Tall in the Saddle (1951) is a typical Scott Western from the early-1950s. Its screenplay, by Kenneth Gamet adapting Ernest Haycox's (Stagecoach) novel, is mostly standard B-Western action, but it does have several interesting characters whose psychological flaws have a bit more depth than the usual Western stereotypes. Owen Merritt (Scott), owner of the Christmas Creek Ranch, is unhappy if resigned after his pragmatic girl, Laurie (Joan Leslie), leaves him to marry wealthy cattleman Will Isham (Alexander Knox). Isham is an obsessive capitalist: he pressures rancher Pay Lankershim (Clem Bevans) to sell out, even though Pay's more than happy to share the river that divides their properties. "I've never owned half of anything," Isham insists.

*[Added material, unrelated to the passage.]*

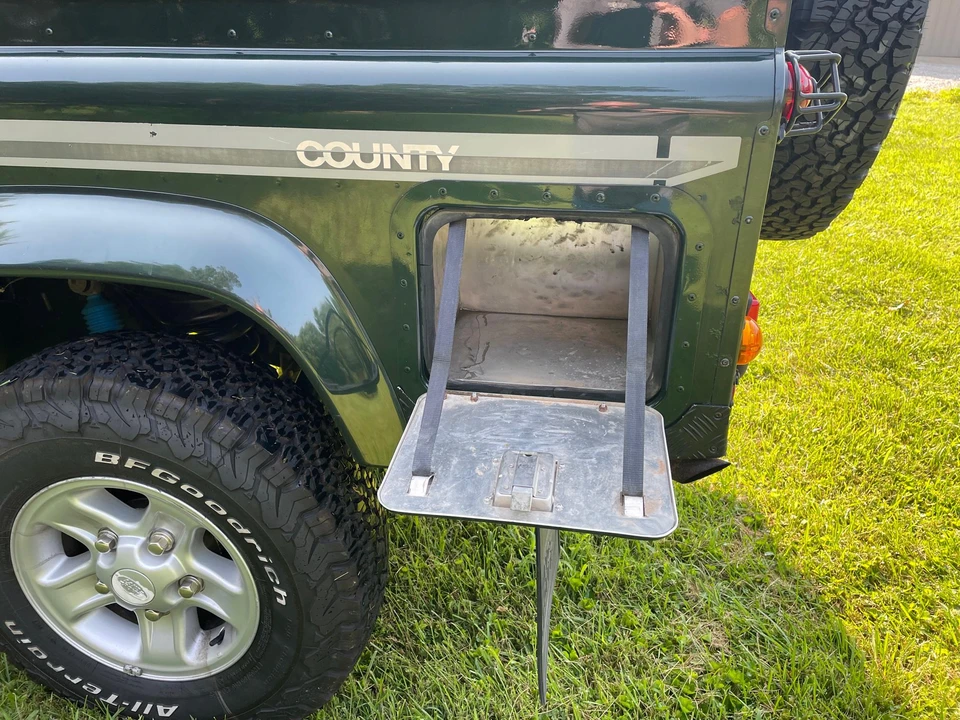 1996 Land Rover Defender 110 - Image 16 of 31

Turning his attentions to Merritt's land, Isham hires gunslinger Fay Dutcher (Richard Rober, who died soon after this was released) to drive Merritt and the other small-time cattlemen away. He and his men trigger a stampede, and shoot popular cowboy George (Cameron Mitchell) enraging his brother, Juke (The Alligator People's Richard Crane), who wants revenge. Meanwhile, another burgeoning rancher, Nan (Ellen Drew), tries to help Merritt, whom she loves, while fending off the obsessive attentions of Isham man Hugh Clagg (John Russell).

Tall in the Saddle makes for an entertaining 88 minutes with a nice balance of action, romance, and color. The Lone Pine, California locations are put to good use thanks to DP Charles Lawton, Jr.'s Technicolor lensing, and the film offers several very good action set pieces. One of these involves a knock-down, drag-out fight between Merritt and Clagg that literally brings down the cabin they're in, and which continues down a steep, snow-covered slope. It's well-staged and exciting. Director Andre De Toth stages a visually interesting daytime windstorm for the climatic shoot-out (a full decade before Yojimbo), but it's underutilized.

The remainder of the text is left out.